TASK INSTRUCTIONS -> Using the material below, return exactly the lines between the one holding "Off White-Green - Back" and the one holding "Børn Noussair Mazraoui", inclusive, and no others.

INFORMATION PROVIDED below:

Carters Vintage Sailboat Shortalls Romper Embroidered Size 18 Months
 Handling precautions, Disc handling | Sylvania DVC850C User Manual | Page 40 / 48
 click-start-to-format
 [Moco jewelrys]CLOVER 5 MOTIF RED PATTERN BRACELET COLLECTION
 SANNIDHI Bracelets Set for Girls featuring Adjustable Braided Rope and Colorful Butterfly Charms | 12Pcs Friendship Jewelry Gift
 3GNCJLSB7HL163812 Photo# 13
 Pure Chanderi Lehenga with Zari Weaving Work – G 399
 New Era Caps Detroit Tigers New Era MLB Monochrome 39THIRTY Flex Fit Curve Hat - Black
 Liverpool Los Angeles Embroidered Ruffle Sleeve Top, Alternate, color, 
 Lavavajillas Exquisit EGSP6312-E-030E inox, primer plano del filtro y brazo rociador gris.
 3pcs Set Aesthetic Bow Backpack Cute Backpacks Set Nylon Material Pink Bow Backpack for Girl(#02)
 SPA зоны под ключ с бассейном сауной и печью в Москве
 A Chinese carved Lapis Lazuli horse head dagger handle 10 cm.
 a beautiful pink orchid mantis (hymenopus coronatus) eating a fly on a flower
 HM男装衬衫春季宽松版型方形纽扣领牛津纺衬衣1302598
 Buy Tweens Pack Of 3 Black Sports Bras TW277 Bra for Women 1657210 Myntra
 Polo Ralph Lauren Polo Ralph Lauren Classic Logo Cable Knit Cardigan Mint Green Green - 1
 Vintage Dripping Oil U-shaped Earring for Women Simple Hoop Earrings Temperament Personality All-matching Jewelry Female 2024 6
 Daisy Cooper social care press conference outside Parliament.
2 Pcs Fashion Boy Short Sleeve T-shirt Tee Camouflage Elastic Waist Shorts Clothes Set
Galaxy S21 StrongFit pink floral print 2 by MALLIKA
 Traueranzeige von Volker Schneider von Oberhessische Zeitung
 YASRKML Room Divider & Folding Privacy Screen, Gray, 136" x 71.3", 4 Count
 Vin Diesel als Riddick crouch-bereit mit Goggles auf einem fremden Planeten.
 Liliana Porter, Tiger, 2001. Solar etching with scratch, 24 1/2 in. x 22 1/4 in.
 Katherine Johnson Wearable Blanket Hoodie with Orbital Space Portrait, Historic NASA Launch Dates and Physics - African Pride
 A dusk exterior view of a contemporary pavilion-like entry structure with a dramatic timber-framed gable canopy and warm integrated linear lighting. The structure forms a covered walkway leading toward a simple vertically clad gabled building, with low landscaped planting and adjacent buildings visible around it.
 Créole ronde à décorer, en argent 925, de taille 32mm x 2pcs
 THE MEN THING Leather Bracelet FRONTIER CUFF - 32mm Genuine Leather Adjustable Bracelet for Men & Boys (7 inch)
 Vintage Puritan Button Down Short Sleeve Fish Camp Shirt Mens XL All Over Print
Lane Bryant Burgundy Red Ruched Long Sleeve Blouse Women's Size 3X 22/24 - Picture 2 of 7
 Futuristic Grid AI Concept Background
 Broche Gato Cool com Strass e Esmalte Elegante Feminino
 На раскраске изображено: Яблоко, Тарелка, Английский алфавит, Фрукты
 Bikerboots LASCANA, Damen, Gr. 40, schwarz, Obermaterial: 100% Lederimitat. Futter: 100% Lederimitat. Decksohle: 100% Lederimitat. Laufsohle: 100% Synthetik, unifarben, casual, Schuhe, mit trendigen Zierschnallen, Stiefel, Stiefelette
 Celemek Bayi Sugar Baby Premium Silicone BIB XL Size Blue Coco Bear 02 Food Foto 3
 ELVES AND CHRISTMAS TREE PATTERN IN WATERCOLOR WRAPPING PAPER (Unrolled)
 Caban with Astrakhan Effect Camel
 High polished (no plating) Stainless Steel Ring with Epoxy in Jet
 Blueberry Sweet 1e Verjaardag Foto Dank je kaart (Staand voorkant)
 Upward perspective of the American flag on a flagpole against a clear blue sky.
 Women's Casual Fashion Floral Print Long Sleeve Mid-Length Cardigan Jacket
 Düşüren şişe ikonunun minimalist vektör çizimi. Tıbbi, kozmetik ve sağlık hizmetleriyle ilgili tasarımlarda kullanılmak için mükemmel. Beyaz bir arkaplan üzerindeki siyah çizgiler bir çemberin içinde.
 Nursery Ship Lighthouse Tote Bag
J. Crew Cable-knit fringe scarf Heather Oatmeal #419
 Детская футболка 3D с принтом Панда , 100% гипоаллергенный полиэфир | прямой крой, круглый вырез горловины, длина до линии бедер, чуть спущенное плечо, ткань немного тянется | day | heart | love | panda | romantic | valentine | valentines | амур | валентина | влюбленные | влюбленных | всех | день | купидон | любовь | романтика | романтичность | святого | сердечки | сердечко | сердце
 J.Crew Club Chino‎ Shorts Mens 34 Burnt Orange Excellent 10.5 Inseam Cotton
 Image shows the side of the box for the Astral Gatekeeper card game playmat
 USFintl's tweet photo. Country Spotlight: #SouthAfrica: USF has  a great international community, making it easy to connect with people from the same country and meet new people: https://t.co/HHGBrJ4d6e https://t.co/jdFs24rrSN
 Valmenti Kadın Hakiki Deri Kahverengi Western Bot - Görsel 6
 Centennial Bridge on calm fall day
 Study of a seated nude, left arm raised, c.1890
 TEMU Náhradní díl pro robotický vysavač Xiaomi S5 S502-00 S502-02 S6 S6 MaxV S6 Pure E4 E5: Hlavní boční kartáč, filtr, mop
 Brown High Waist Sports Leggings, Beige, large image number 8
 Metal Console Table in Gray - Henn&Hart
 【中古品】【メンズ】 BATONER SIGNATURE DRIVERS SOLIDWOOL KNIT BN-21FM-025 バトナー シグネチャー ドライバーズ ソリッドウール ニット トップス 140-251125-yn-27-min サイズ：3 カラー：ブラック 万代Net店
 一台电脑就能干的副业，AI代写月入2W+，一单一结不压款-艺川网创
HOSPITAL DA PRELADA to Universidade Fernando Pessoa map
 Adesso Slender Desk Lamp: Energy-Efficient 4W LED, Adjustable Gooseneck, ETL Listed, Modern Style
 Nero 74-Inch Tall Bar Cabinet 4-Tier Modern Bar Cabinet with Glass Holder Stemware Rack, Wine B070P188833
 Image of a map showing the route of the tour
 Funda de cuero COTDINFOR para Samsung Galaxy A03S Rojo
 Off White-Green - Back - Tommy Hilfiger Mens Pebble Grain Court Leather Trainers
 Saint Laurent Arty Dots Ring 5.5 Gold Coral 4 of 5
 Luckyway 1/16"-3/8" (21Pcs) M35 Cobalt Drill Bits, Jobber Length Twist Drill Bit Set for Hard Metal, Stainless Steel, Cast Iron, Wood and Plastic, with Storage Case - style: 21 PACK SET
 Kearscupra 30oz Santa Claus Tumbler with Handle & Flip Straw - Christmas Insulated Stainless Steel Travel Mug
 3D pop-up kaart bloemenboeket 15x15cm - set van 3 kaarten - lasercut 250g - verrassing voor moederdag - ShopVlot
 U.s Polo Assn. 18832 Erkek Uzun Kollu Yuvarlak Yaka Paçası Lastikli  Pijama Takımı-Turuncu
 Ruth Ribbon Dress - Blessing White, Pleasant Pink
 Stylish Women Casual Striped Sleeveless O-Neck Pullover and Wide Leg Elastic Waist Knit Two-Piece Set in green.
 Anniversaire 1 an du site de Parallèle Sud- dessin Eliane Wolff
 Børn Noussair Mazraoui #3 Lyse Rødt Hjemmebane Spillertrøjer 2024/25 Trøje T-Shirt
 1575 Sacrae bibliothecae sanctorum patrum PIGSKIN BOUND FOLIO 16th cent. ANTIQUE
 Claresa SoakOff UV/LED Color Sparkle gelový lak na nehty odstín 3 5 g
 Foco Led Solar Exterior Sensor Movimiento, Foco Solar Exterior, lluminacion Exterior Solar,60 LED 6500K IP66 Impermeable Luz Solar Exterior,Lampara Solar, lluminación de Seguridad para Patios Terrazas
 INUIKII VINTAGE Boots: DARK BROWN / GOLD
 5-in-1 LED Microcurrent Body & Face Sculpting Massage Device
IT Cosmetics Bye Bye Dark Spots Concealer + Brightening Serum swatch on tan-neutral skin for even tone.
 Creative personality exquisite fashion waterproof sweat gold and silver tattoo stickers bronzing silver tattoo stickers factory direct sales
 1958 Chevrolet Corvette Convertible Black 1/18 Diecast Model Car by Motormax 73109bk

End of INFORMATION PROVIDED.

OUTPUT FOR THIS TASK ->
 Off White-Green - Back - Tommy Hilfiger Mens Pebble Grain Court Leather Trainers
 Saint Laurent Arty Dots Ring 5.5 Gold Coral 4 of 5
 Luckyway 1/16"-3/8" (21Pcs) M35 Cobalt Drill Bits, Jobber Length Twist Drill Bit Set for Hard Metal, Stainless Steel, Cast Iron, Wood and Plastic, with Storage Case - style: 21 PACK SET
 Kearscupra 30oz Santa Claus Tumbler with Handle & Flip Straw - Christmas Insulated Stainless Steel Travel Mug
 3D pop-up kaart bloemenboeket 15x15cm - set van 3 kaarten - lasercut 250g - verrassing voor moederdag - ShopVlot
 U.s Polo Assn. 18832 Erkek Uzun Kollu Yuvarlak Yaka Paçası Lastikli  Pijama Takımı-Turuncu
 Ruth Ribbon Dress - Blessing White, Pleasant Pink
 Stylish Women Casual Striped Sleeveless O-Neck Pullover and Wide Leg Elastic Waist Knit Two-Piece Set in green.
 Anniversaire 1 an du site de Parallèle Sud- dessin Eliane Wolff
 Børn Noussair Mazraoui #3 Lyse Rødt Hjemmebane Spillertrøjer 2024/25 Trøje T-Shirt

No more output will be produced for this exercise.